Alex Wolf-Root, an adjunct instructor of philosophy who’s published research on COVID-19 and sports under his Boulder affiliation but with no institutional support, questioned the university’s financial precarity. He pointed out that Colorado has consistently ranked last in higher education spending per student, compared to other states. So the university’s crisis has unfolded predictably over time, he said, and rather than cutting away at the faculty, universities should push back on the state Legislature and say there’s nowhere left to cut.
Wolf-Root, who is a member the United Campus Workers Colorado union, encouraged his colleagues across academe to join or form unions, as “just asking nicely doesn’t change anything.”
Rupert said that White has been interim dean for four years, an unusually long time, without going through formal appointment processes that would have required faculty participation.
Asked about concerns that his plan chips away at tenure, White said, “That horse left the barn a long time ago. We weren’t the ones who did it.”
He added, “We have culture in higher education where our value as departments revolves around how many tenure-track positions we have and how many graduate students we have,” and “we need to think about whether that is sustainable in the long run.”

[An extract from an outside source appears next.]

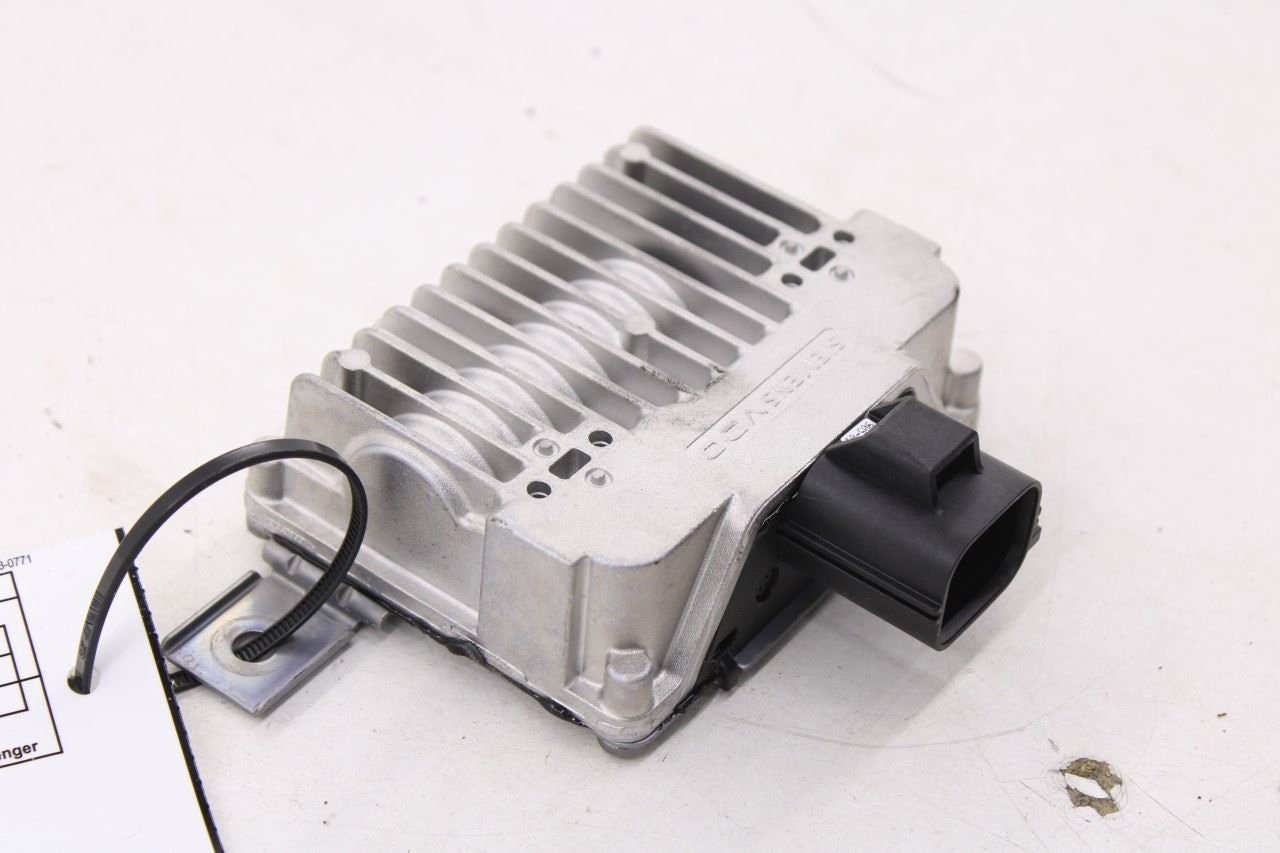 2010-2012 Land Rover Range Rover HSE 5.0L Fuel Pump Computer Control Module OEM1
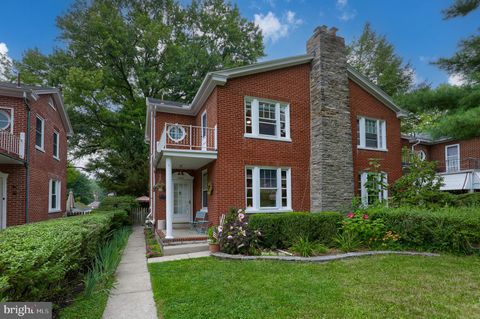 Photo of 1181 SPRING GROVE AVE, LANCASTER, PA 17603 (MLS # PALA2039128)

Jonathan W. Wilson, an adjunct instructor of history at several institutions in Pennsylvania and New Jersey who has written about the adjunctification of higher education, said, “Things like this news from CU Boulder don’t surprise me at all. We’re going to see more and more stories like this.”
Once colleges proved that contingent workers were an “acceptable substitute” for full-time professors in the classroom, “once the pool of excellent underemployed academics became big enough, and once public pressure and financial pressure built up enough, it was just a matter of time for many colleges to start dispensing with even the pretense of tenure,” he said. “It’s an expensive anachronism. Contingent faculty members teach our courses for a small fraction of what tenure-track academics cost. And we’re much easier to fire if you don’t like the job we’re doing in the classroom.”
Like Wolf-Root, Wilson said that many contingent faculty members “do engage in research and publication. But mostly we do it on our own time and our own dime. It usually doesn’t result in any job security or recognition.” Colleges and funding sources “don’t actually care much about scholarship,” though, he added. “If they did, they would pay for it. Today, we’re just waiting for a coming wave of retirements to allow them to dispense with the pretense.”
L. D. Burnett, a professor of history at Collin College, said that Boulder’s move sends students the message that “their education doesn’t really matter.”
It’s not that non-tenure-track instructors aren’t good teachers, of course, Burnett said, rather that “getting rid of tenured professors means getting rid of a teaching faculty who have stability, time and resources to devote to students … It basically says that an education in the arts and humanities isn’t worth much.”
That kind of thinking, in Burnett’s view, is the “result of a deliberate, long-running propaganda campaign to try to persuade the public that using tax dollars to support the study of history or sociology or political science is a waste of money. But history, sociology and political science, and other disciplines like them, are the very areas of knowledge that our citizenry desperately needs right now.”